A Lesbian Woman, Who Fled Uganda for the US After a Homophobic Attack, Is Now Facing Deportation

The Trump administration does not believe she faces a threat in Uganda, despite the country recently threatening to re-introduce its "Kill the Gays" bill.

A lesbian woman who fled Uganda in the face of homophobic violence, now faces being deported from the US by the Trump administration.

According to a recent report published in Rolling Stone magazine, a Ugandan woman by the name of Margaret sought asylum in the US after being beaten and raped at a festival in Uganda known as a gathering place for the country's LGBTQ community. Following the attack, she entered the country through the US-Mexico border—a dangerous, yet increasingly common route for migrants coming from the continent.
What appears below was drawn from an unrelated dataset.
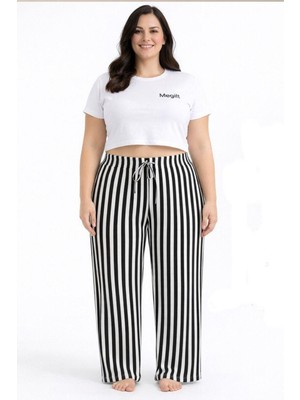 Hobilinka Viskon Pamuklu Kadın Büyük Beden Siyah Çizgili Pijama Pantolon - BRF001 -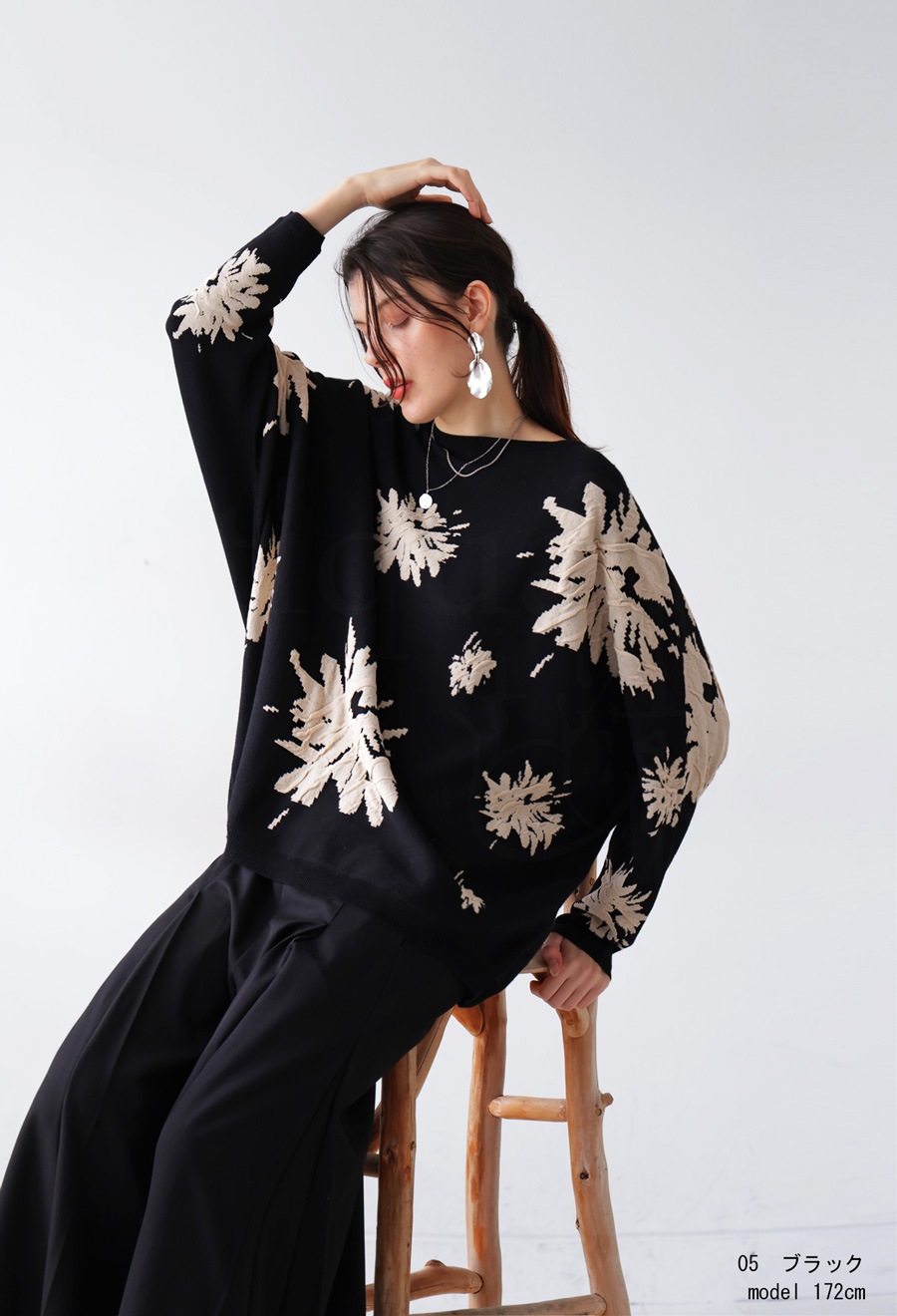 ジャガード ドルマンニット レディース ボートネック 送料無料・再入荷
In the Rolling Stone article, she recounts several of the hardships she faced as a lesbian woman coming of age in Uganda and as an African migrant seeking refuge in the US. "I pray that everything works out," Margaret told Rolling Stone. "Because it has been so tough. Ever since I was 13, I just wanted to be free, instead of hiding who I am. I just want to be free, that's all. And happy."


According to the Trump administration, Uganda's well-documented persecution of LGBTQ individuals is not reason enough to grant Margaret asylum. Instead, she faces being sent back. With the decision, the administration has chosen to ignore the Ugandan government's harmful track record with the LGBTQ community and has determined that they don't face a significant enough threat in their home country to warrant refuge in the US.

The move reflects the Trump's administration's staunch devotion to upholding its xenophobic, anti-immigrant agenda. The administration has also been lax around supporting LGBTQ rights.

Earlier this month, it was reported that Uganda was planning to re-introduce its highly denounced "Kill the Gays" bill which would make homosexuality punishable by death after the country's Ethics and Integrity Minister Simon Lokodo made the announcement. The government later denied the news, stating that it would not revive the bill, though the country still remains a hostile one for members of the LGBTQ community through its colonial-era penal code which makes homosexuality punishable by life imprisonment.

According to Reuters, four people have been killed in homophobic attacks in Uganda this year, including a transgender woman and three gay men, one of whom was killed earlier this month.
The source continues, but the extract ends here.